## TASK TO CARRY OUT:
Would you give back exactly the lines from the line with "So while it's" through the end of the entries below, both included, but none of the pictures?

Collected data entries:

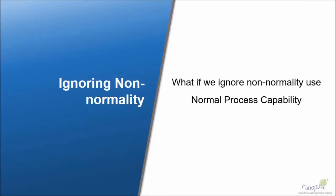But let's say I want to just ignore this non-normality issue and go ahead and use a normal process capability. What would happen? So let's just find out.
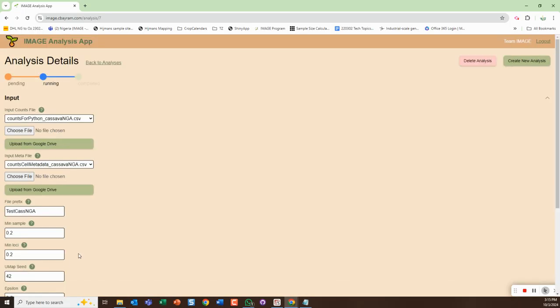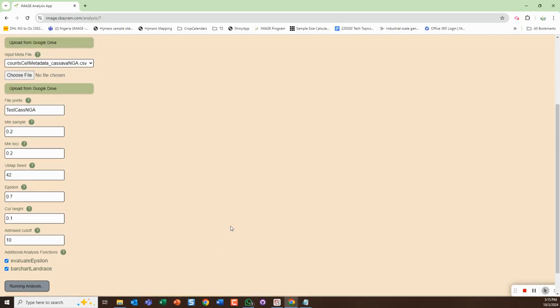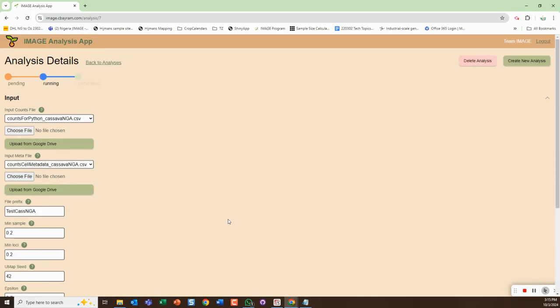Now I'm going to run analysis. It kicks off that analysis and it tells you that it's running up here. If you scroll down you also see that it's running analysis there. Depending on that - well it's completed, so it ran pretty quickly.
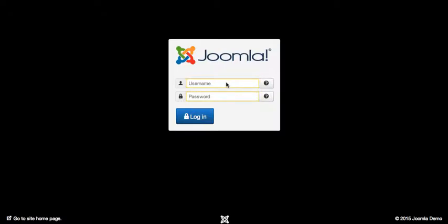Hello and welcome to this Joomla 3 tutorial. In this tutorial, I'll be showing you how to create a backup.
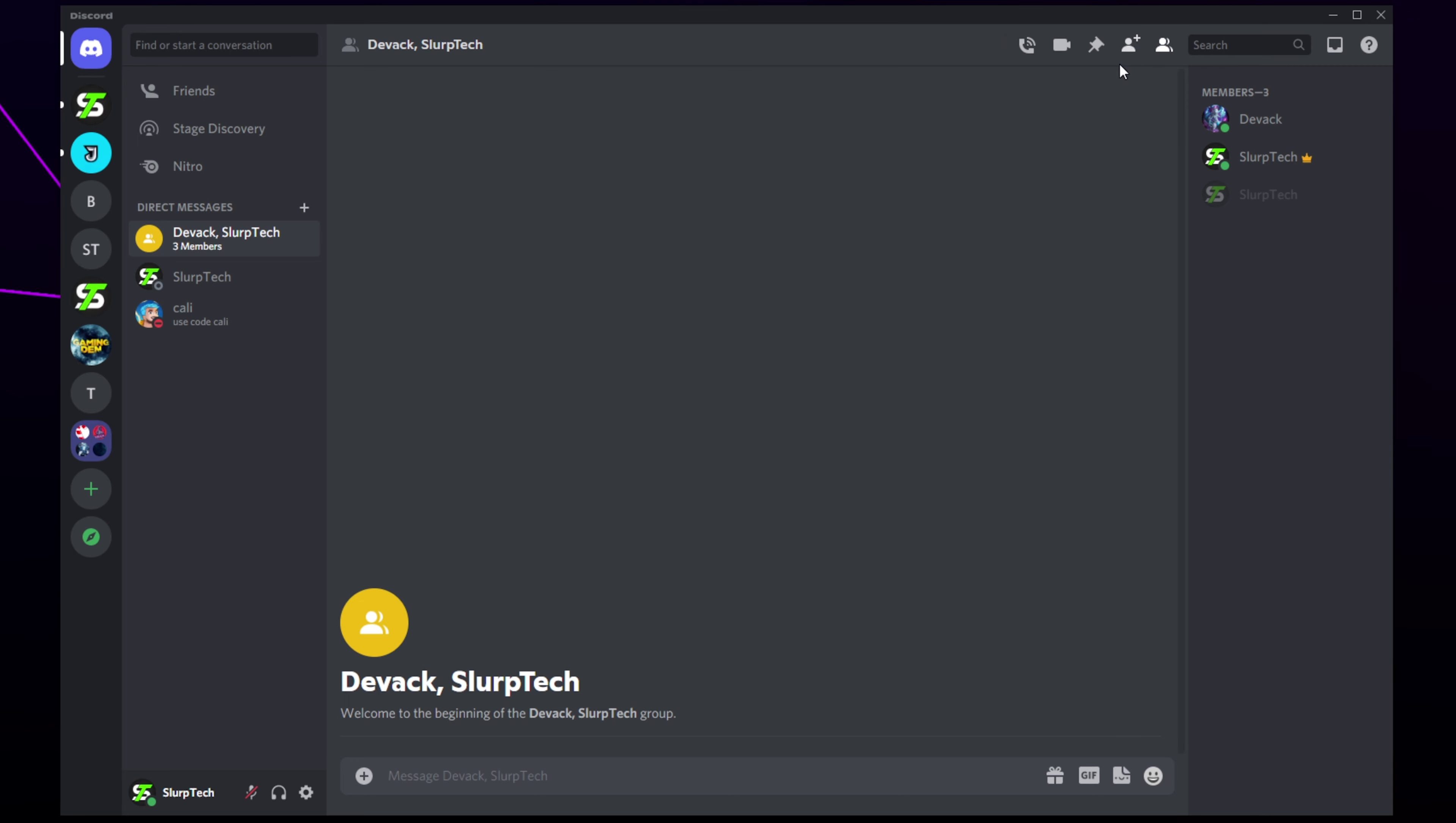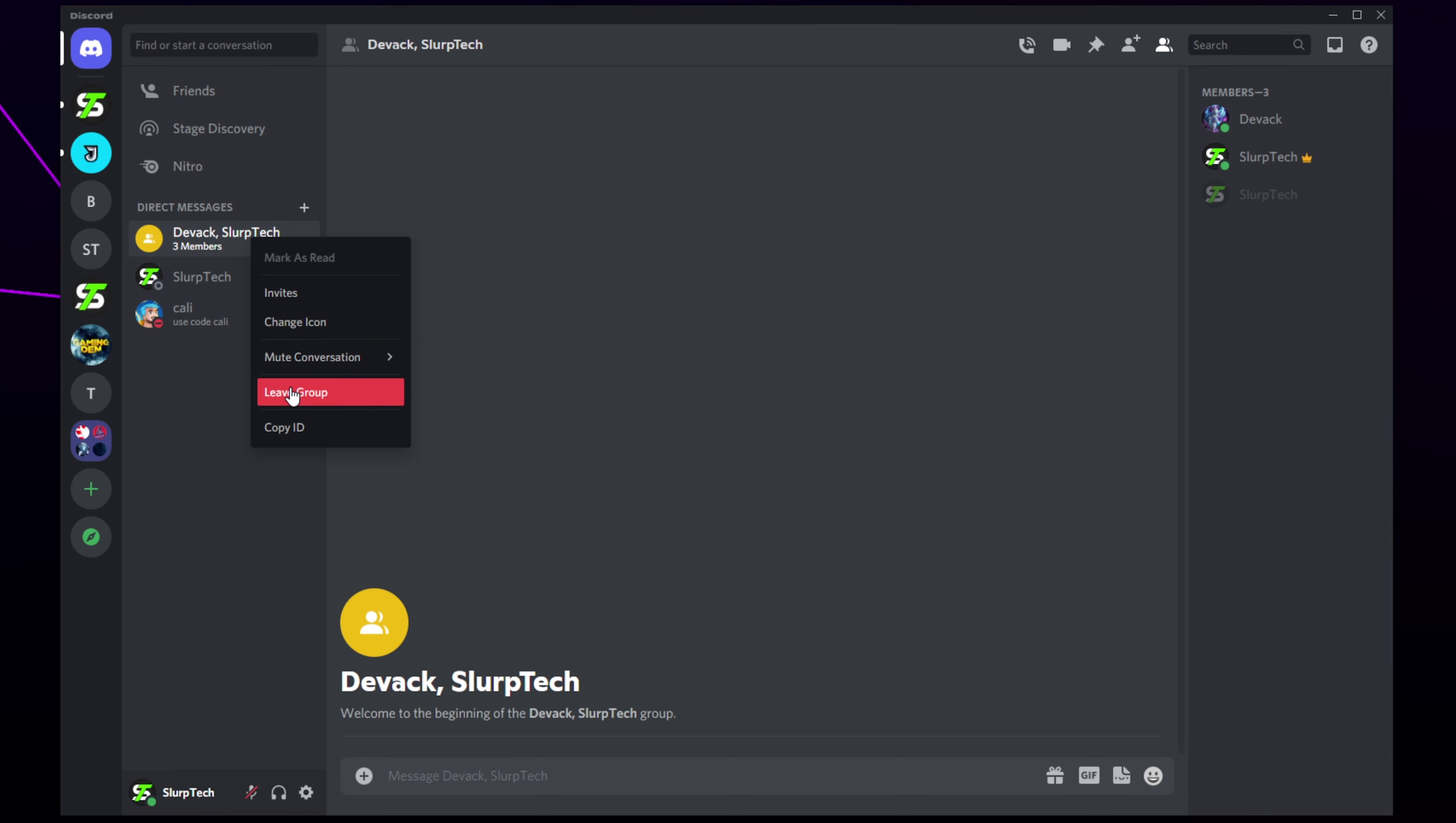You can leave a group chat by hovering over the group DM on the side and clicking the cross. Alternatively, you can right-click on the DM group and choose leave group.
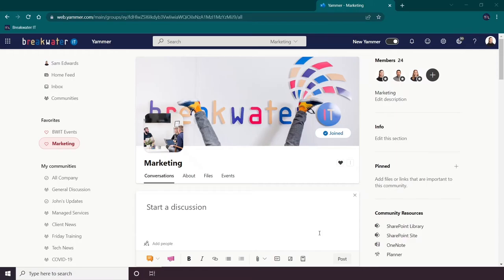A question we are often asked about Yammer is how to make announcements. To start, announcements can only be made by community admins.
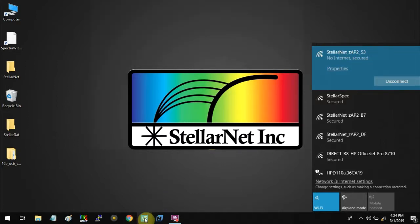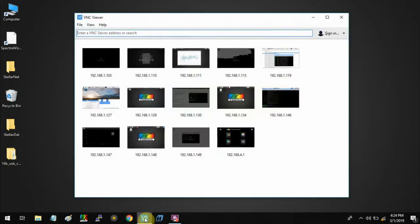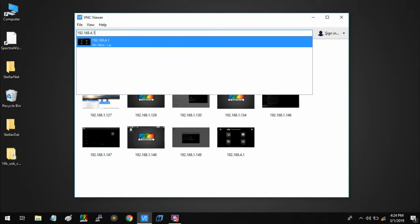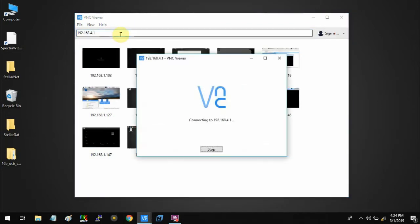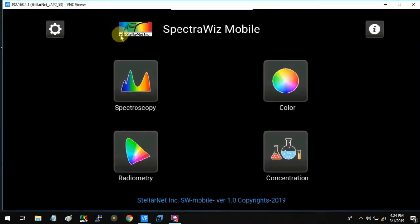Now I'm going to open the VNC Viewer and enter the access point IP, which is 192.168.4.1, and click enter.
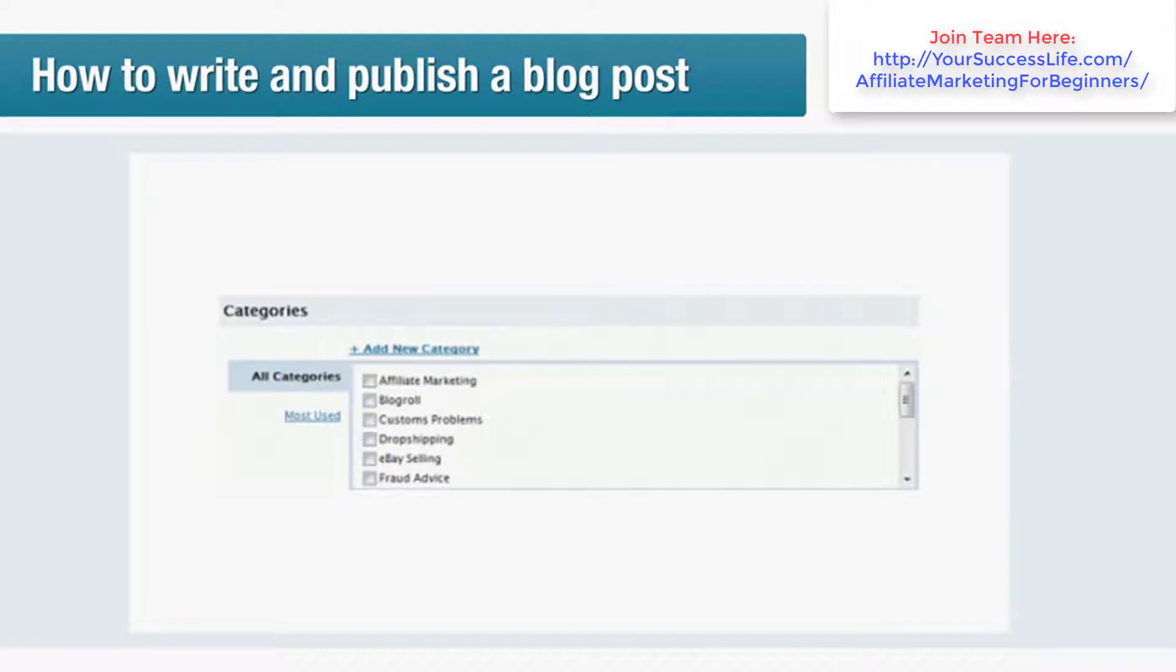Categories: if you're planning on a large blog you may wish to add some categories to organize your posts under. Categories make it easier for visitors to find information and search through historical posts. You can add a new category by clicking the Add New Category button.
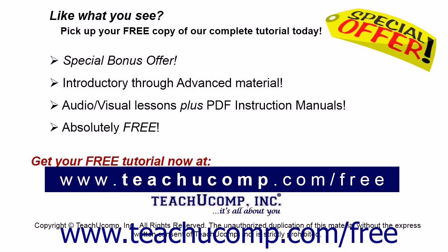Like what you see? Pick up your free copy of the complete tutorial at www.teachucomp.com/free.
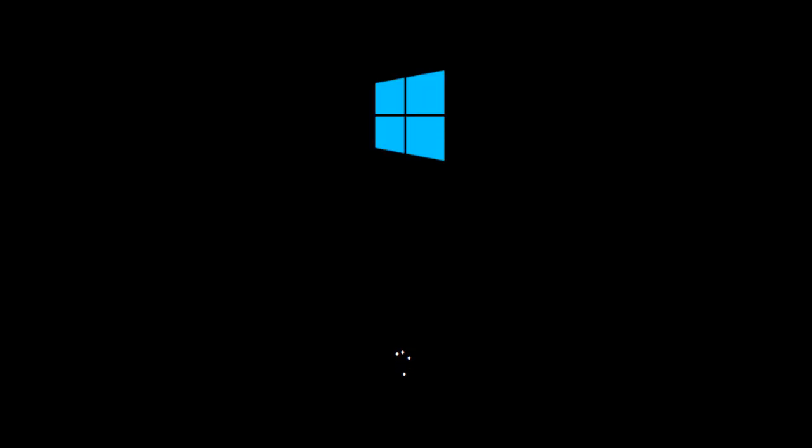So while it's booting up, I'm just going to run through one of the features with you while I wait for it to boot.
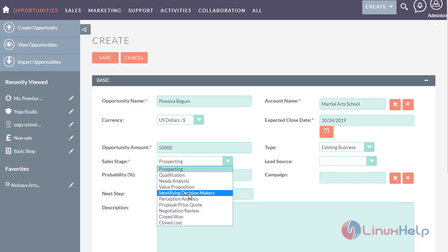Now let's see about identifying decision makers. The sales representative and prospect converse about the available product criteria. If the company's product criteria matches the prospect's business challenge, then this is taken to the higher authority of the organization, where they decide whether the opportunity has to be closed or to proceed further.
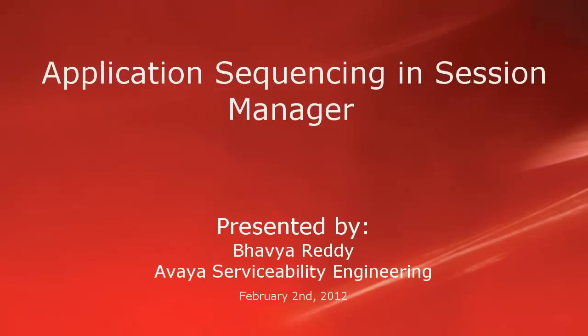Hello, my name is Bhavia Reddy with the Avaya Serviceability Engineering team. This video is about how to create an application sequence in Session Manager and apply it to the incoming and outgoing calls for a user.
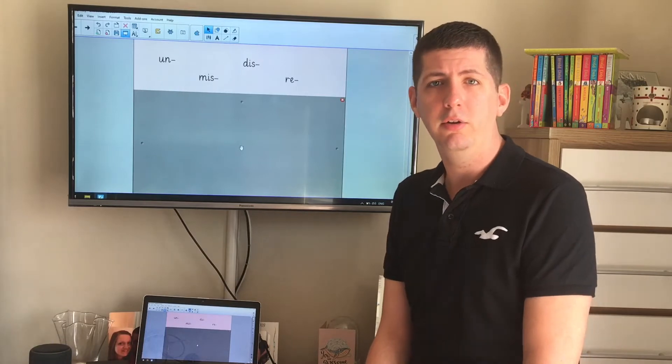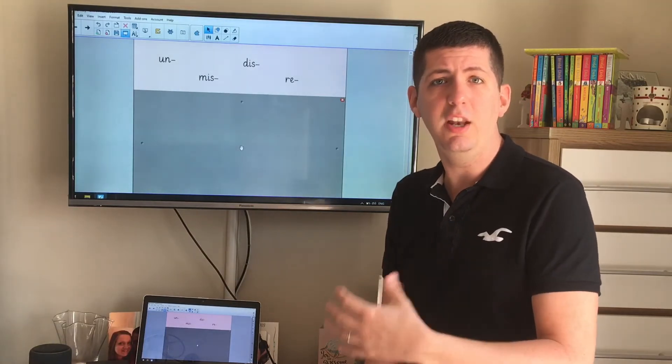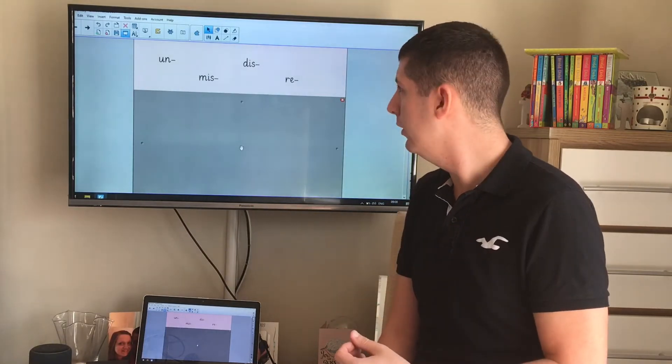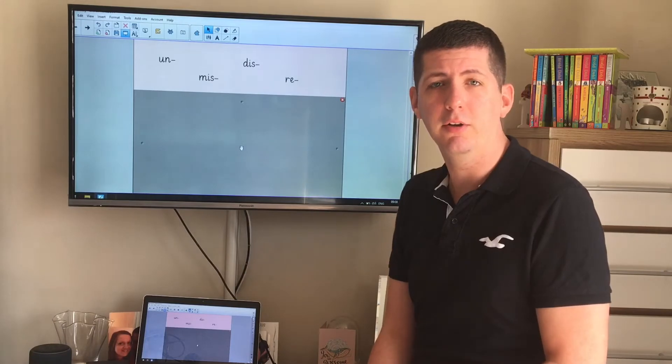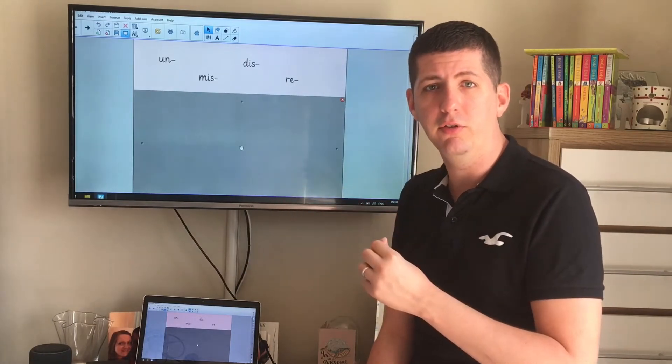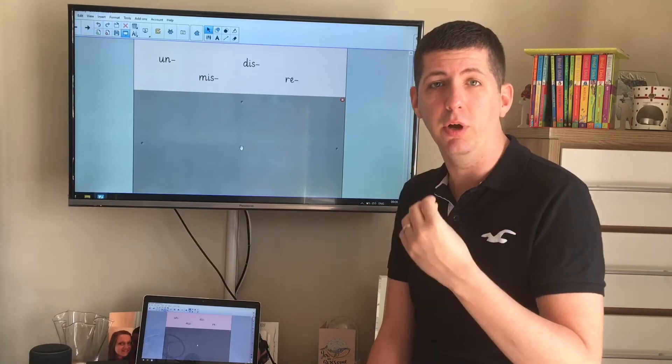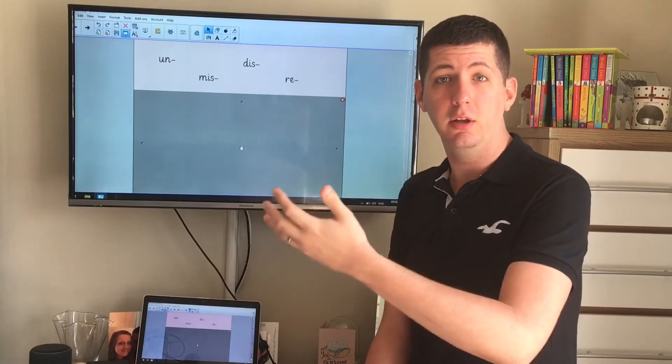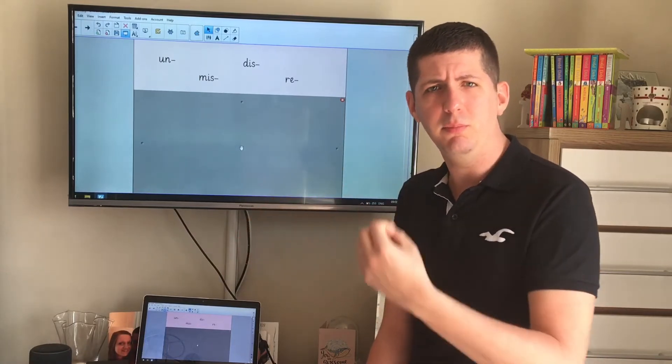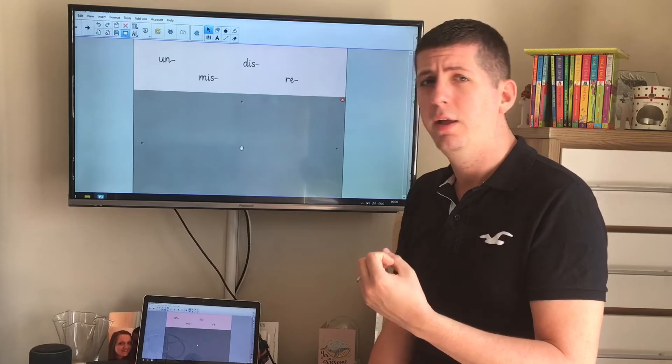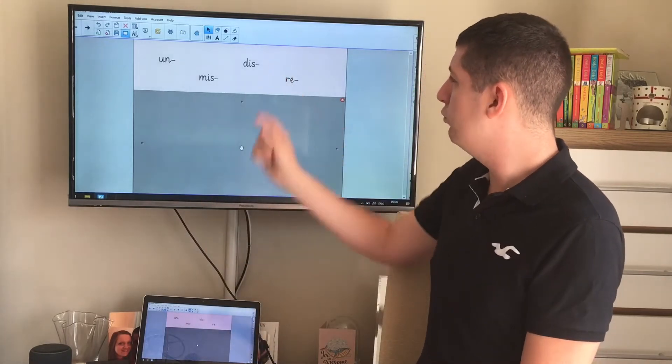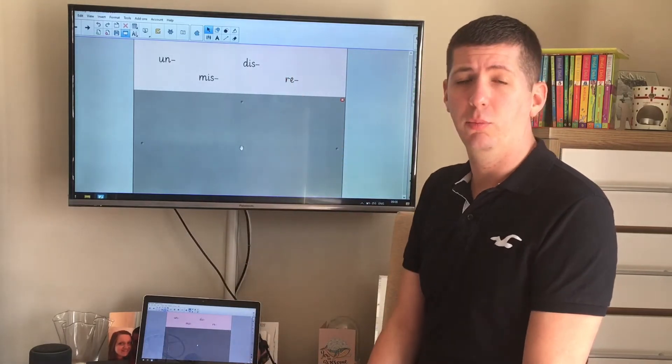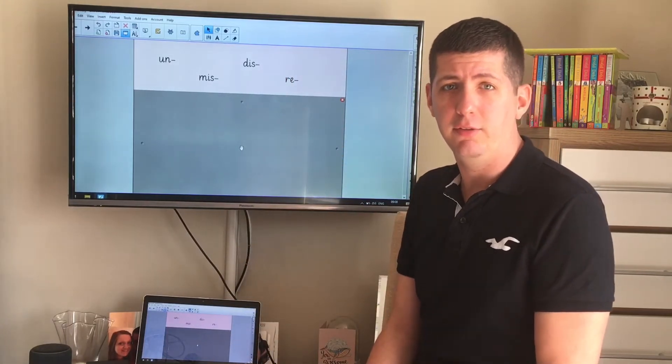Unkind means that they're not caring, they're not compassionate. It changes the meaning of the word completely. Just by adding those two letters at the front, that prefix, it changes the word from meaning something really nice to something really negative. Miss, dis, and re can be added to the words again to change the meanings.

## TASK SOLUTION:
So while it's booting up, I'm just going to run through one of the features with you while I wait for it to boot.
Now let's see about identifying decision makers. The sales representative and prospect converse about the available product criteria. If the company's product criteria matches the prospect's business challenge, then this is taken to the higher authority of the organization, where they decide whether the opportunity has to be closed or to proceed further.
Hello, my name is Bhavia Reddy with the Avaya Serviceability Engineering team. This video is about how to create an application sequence in Session Manager and apply it to the incoming and outgoing calls for a user.
Unkind means that they're not caring, they're not compassionate. It changes the meaning of the word completely. Just by adding those two letters at the front, that prefix, it changes the word from meaning something really nice to something really negative. Miss, dis, and re can be added to the words again to change the meanings.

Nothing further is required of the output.